Self-regulation is the ability an individual has to make choices concerning in which behaviors he or she will participate. Through self- regulation the learner can decide not to do something that he or she was directly reinforced for or something that he or she learned through modeling. There are three steps of the self-regulation process: 1. Self-monitoring 2. Judging performance 3. Self-response. Each of the steps in this process is conducted at the individual level. An individual’s ability to successfully conduct the self- regulation process greatly influences success in learning.
Bandeau believes that instruction should be altered to account for individual differences. Instruction must be based on modeling, self-regulation, and self-efficacy. Instructors should develop environments that create and encourage self-efficacy within individual learners, which is most effectively done by direct encouragement of students and providing opportunities for students to experience mastery or success in particular learning tasks. Self-efficacy can also be influenced through positive modeling in which students observe others experiencing success at a particular academic task.
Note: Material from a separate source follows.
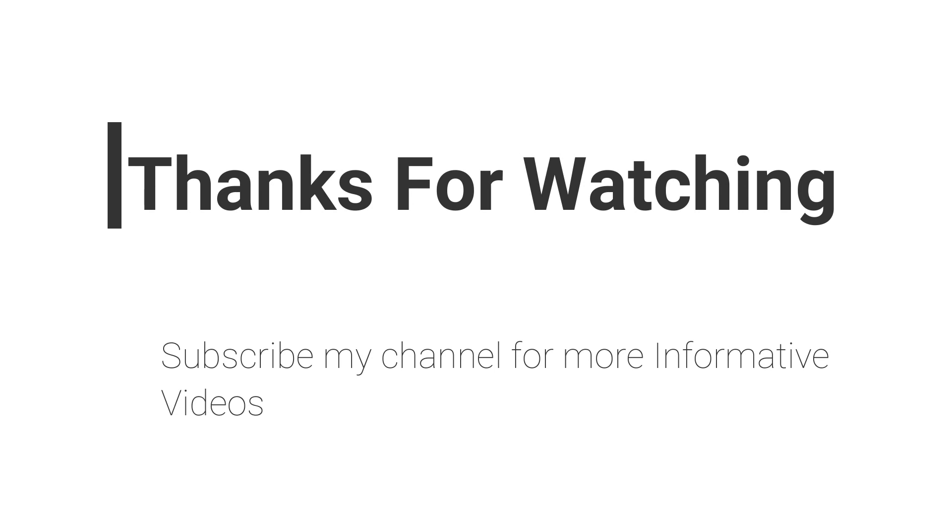If you have any questions regarding this topic, you can email me or comment inside the video comment section. Don't forget to subscribe my channel for more informative videos. Stay blessed, have a nice day.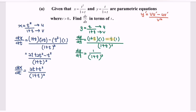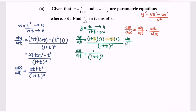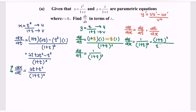Finally, dy/dx equals dy/dt multiplied by dt/dx. Substituting: dy/dx equals 1 over (1 plus t) squared, multiplied by the reciprocal of dx/dt, which is (1 plus t) squared over (t squared plus 2t). Simplifying, dy/dx equals 1 over (t squared plus 2t).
Instruction on self-regulation includes the introduction of strategies, how to use them, and what the benefits are of self-regulated learning. Viscosity Viscosity believes that the Zone of Proximal Development (ZIP) is the prime determinant of individual differences and development among students. He defines the Zone of Proximal Development as the discrepancy between the child’s capacity to solve problems independently and the child’s ability to solve problems with assistance. Viscosity maintains that social interaction with a more knowledgeable person is critical for cognitive development.
This interaction helps the child attain a higher level of development than can be achieved alone. The adult should scaffold instruction by adjusting the level of his or her assistance in response to the child’s performance. If these adjustments are not made then the student will not attain a higher level of cognitive development. Viscosity also believes that individual differences can be attributed to culture. He states that students first make learning connections on the social level with their environment and other people; then, learning connections are manifested at the individual level.
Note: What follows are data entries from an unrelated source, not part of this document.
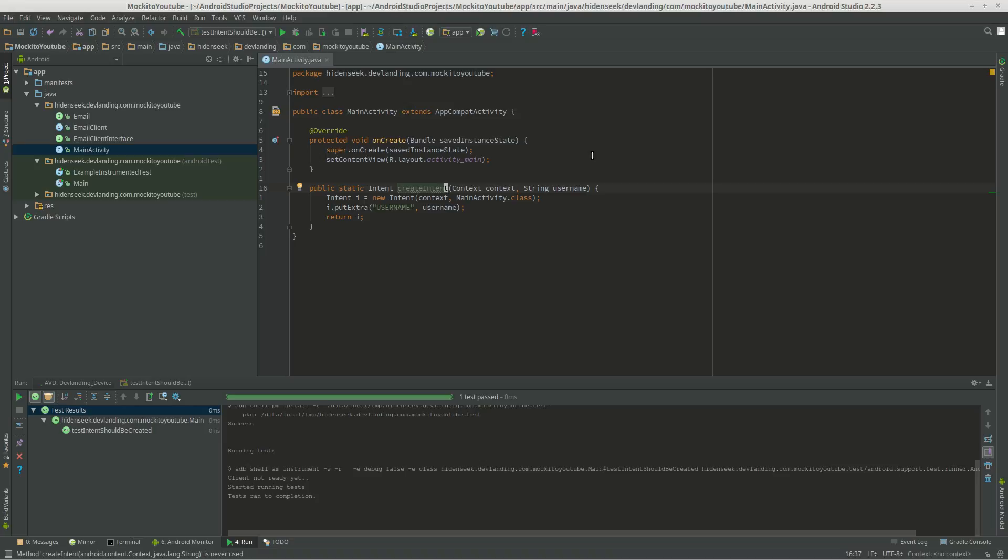Hey guys, we're going to learn about instrumented tests. So instrumented tests with Mockito is basically testing the Android platform such as Intents.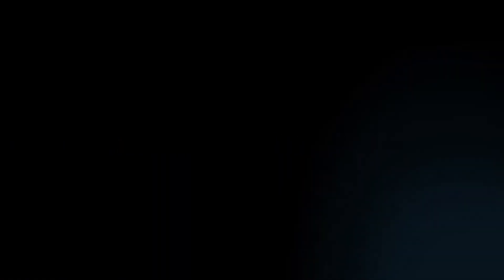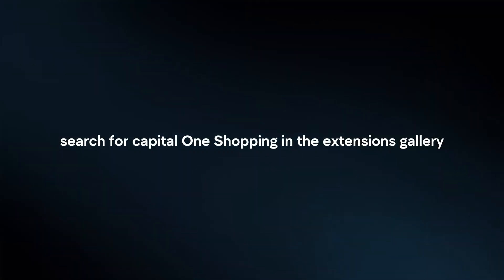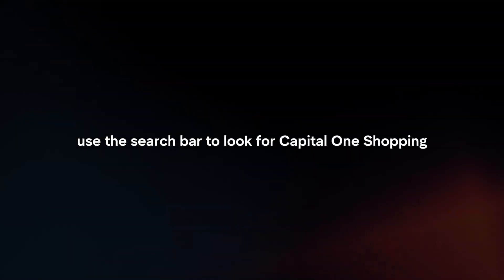Search for Capital One Shopping. In the Extensions Gallery, use the search bar to look for Capital One Shopping or Capital One Shopping Browser Extension.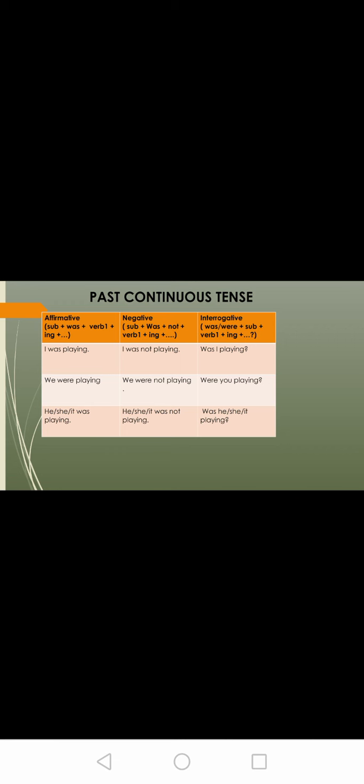Let us see the structure. Affirmative: subject plus was/were plus V1 plus -ing plus remaining sentence — I was playing, we were playing, he/she/it was playing. Negative: subject plus was/were plus not plus V1 plus -ing — I was not playing, we were not playing, he/she/it was not playing. Interrogative: was/were plus subject plus V1 plus -ing plus question mark — was I playing? Were you playing? Was he/she/it playing? This is past continuous tense.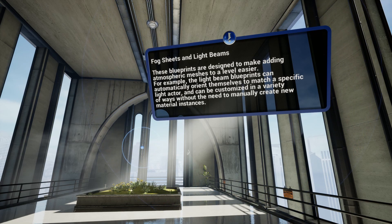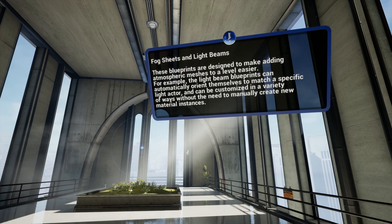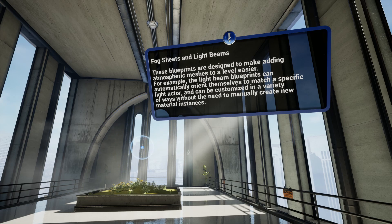Fog sheets and light beams. These blueprints are designed to make adding atmospheric meshes to a level easier. For example, the light beam blueprints can automatically orient themselves to match a specific light actor, and can be customized in a variety of ways without the need to manually create new material instances.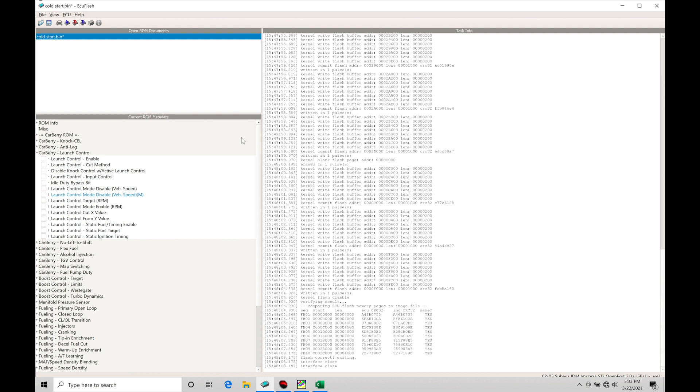This is really drag specific. You might use this in an autocross or road race car if you're using standing starts in that type of racing environment, but generally speaking it's primarily a drag race type feature.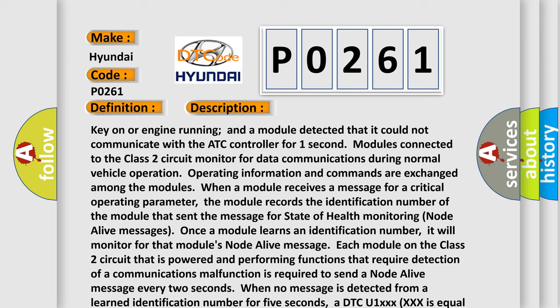Each module on the Class II circuit that is powered and performing functions that require detection of a communications malfunction is required to send a node alive message every two seconds. When no message is detected from a learned identification number for five seconds, for instance, a DTC U1XXX is equal to the three-digit identification number is set.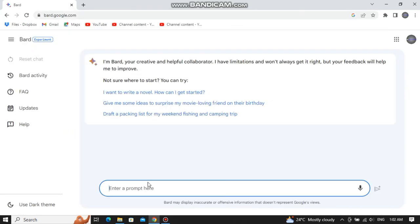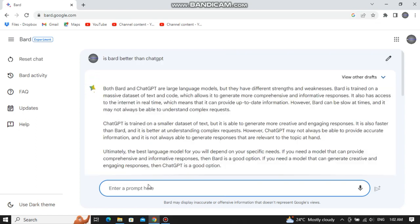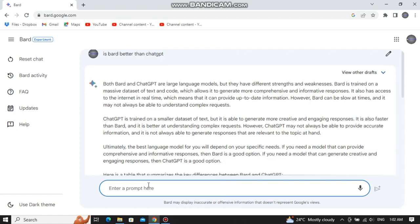Now in this box right here, type in your question. I am going to ask it, is Bard better than ChatGPT? Now wait for a few moments, and as you can see, it has provided us with a detailed answer.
Since culture plays an essential role in cognitive development, it should be incorporated during instruction. Out of school experiences should be related to school experiences for optimal learning to take place. Although Viscosity acknowledges the relevance of individual differences, he does not believe that we should focus on a child’s individual differences in isolation. Instead, educators should focus more on the student’s potential by facilitating problem solving in a social context. Summary harmonistic, such as temperament, energy level, Friendship patterns and parent-child attachment. To meet individual differences there has been recognition only of intellectual and educational variations among the children. It is possible and desirable to adapt the nature of instruction to accommodate individual differences in ability, style or preferences among individuals to improve learning outcomes Different leaning outcomes require different skills, or abilities Individuals differ in their abilities to process information, construct meaning from it, or apply it to new situations There are no. F steps which are used by teacher to meet individual difference.